More than 100 Chinese intellectuals published their takes about China’s 40 years of “reform and openness” on the internet. Although the contents were quickly blocked in China, some overseas Chinese-language websites had already posted them.
Bao Pengshan, a professor and author from Shanghai, said: “The core question for a nation is that we should know our direction. And it is more questionable if we go toward the wrong direction.”
Cai Shenkun, a commentator in Beijing, said: “Reform should not be limited to having everybody fed. It should ensure that everybody can speak out, and nobody should feel fearful for speaking out. Reform should have all the people sharing economic prosperity, instead of having only a few people robbing and plundering the wealth.”
Hong Zhenkuai, a scholar in Beijing, said, “The true reform should be returning power to the people.”
Cai Xia, a professor of the Party School of the CCP, said: “The historical role of a party is evaluated by what this party does. Whether it will be listed on the Honor Roll, or in the Hall of Shame, is up to the party itself.”
Chen Baocheng, a media professional in Shandong Province, said, “Without the freedom to think and speak, reform and openness are meaningless.”
Chen Tiannan, a former lawyer and judge in Zhejiang Province, said: “True reform should be beneficial to the protection of private property and a free market economy. The direction for reform should be increasing people’s freedom.”
Wang Juntao, an activist in the Tiananmen Square democracy movement and president of the Democracy Party of China, told The Epoch Times that many people in China hope that the CCP collapses as soon as possible.
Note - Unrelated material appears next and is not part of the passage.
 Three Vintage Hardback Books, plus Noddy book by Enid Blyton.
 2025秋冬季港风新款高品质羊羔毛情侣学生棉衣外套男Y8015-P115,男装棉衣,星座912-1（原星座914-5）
But the CCP won’t choose to “fade from history.”
He said just calling for an end to CCP rule isn’t good enough; people need to act and encourage others to fight back against it.
Xia Yeliang, a former professor at Peking University, said that although he didn’t know whether China would fall into chaos this year as some have “predicted,” 2019 may be a year when big things happen.
He said that people hope for bigger changes in China in 2019, and it’s possible that the CCP’s rule will start to shake and crumble. Xia hopes that the Chinese people can work toward that goal, and make 2019 a year when institutional changes can begin in China.
Views expressed in this article are the opinions of the author and do not necessarily reflect the views of The Epoch Times.